Work to be completed => The answer should consist of every line in the material below that has the word "blue".

Data extracts =>
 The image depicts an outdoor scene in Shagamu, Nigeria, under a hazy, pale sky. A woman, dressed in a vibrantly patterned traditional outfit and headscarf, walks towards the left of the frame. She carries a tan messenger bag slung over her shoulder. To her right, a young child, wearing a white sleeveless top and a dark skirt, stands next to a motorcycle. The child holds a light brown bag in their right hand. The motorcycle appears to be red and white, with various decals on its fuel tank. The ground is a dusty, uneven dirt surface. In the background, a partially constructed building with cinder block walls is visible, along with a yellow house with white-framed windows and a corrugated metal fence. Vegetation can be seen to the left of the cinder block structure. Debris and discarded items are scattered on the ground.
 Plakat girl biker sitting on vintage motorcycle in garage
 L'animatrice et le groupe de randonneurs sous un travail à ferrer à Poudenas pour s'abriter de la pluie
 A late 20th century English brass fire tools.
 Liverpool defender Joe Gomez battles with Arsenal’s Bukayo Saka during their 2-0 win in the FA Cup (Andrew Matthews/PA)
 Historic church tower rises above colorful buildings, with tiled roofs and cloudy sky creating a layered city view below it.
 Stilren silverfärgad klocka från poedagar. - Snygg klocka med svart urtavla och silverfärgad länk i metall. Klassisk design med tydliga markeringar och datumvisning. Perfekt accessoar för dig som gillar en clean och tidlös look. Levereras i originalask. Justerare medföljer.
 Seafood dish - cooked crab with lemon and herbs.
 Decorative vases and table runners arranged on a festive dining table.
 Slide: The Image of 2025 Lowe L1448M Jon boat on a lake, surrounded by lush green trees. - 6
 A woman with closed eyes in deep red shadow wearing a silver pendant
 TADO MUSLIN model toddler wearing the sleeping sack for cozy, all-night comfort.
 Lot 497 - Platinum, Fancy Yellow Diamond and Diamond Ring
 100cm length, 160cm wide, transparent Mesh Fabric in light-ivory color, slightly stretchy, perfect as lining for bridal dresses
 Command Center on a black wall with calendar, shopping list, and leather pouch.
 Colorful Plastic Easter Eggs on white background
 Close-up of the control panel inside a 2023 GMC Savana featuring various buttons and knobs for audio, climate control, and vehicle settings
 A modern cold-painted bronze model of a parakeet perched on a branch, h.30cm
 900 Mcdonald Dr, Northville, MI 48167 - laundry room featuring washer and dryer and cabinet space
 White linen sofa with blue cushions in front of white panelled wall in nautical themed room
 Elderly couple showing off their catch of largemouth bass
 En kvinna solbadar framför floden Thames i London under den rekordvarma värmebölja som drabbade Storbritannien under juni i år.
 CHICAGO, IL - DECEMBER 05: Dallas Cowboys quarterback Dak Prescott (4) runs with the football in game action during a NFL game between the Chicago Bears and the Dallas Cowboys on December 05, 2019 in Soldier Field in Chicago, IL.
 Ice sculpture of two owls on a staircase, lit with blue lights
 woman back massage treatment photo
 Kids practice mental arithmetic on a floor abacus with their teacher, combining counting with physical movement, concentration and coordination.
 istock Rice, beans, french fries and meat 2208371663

Result =>
 White linen sofa with blue cushions in front of white panelled wall in nautical themed room
 Ice sculpture of two owls on a staircase, lit with blue lights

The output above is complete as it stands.